ACTIVITY: Copy each line below as written, but skip the pictures.

INFORMATION PROVIDED:
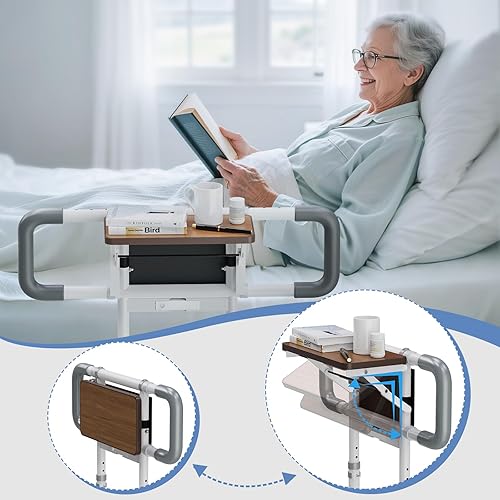 Miniatura 3 de Rieles de cama para adultos mayores con mesa auxiliar plegable, tamaño Queen con organizador de almacenamiento y luz nocturna inteligente, riel de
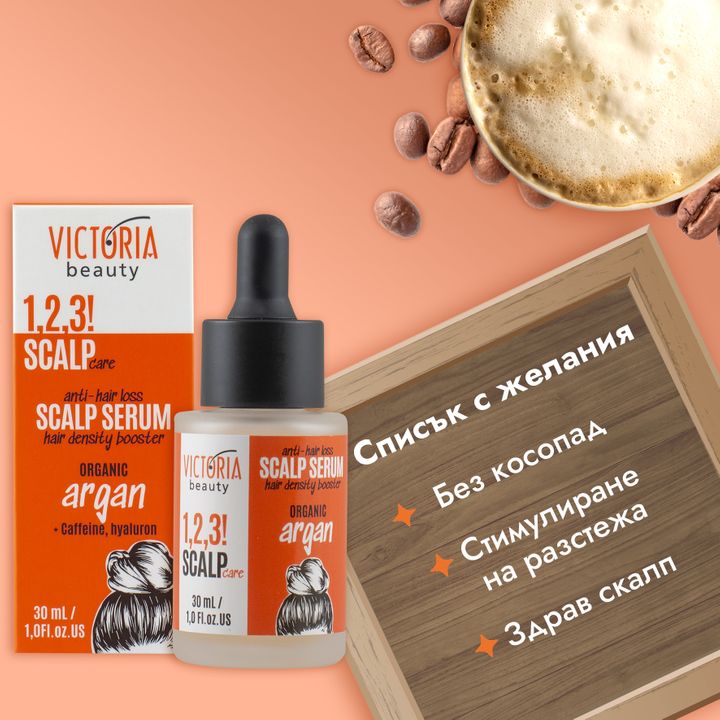 Victoria Beauty 1,2,3! SCALP CARE! Стимулиращ серум за скалп против косопад с арган, кофеин, хиалурон x30 мл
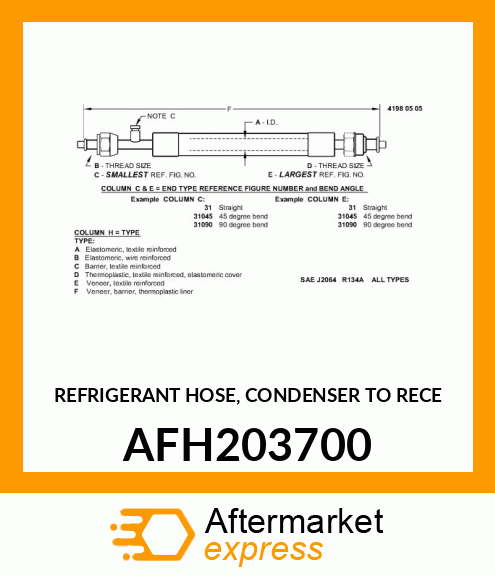 REFRIGERANT HOSE, CONDENSER TO RECE AFH203700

ANSWER TO THE EXERCISE:
 Miniatura 3 de Rieles de cama para adultos mayores con mesa auxiliar plegable, tamaño Queen con organizador de almacenamiento y luz nocturna inteligente, riel de
 Victoria Beauty 1,2,3! SCALP CARE! Стимулиращ серум за скалп против косопад с арган, кофеин, хиалурон x30 мл
 REFRIGERANT HOSE, CONDENSER TO RECE AFH203700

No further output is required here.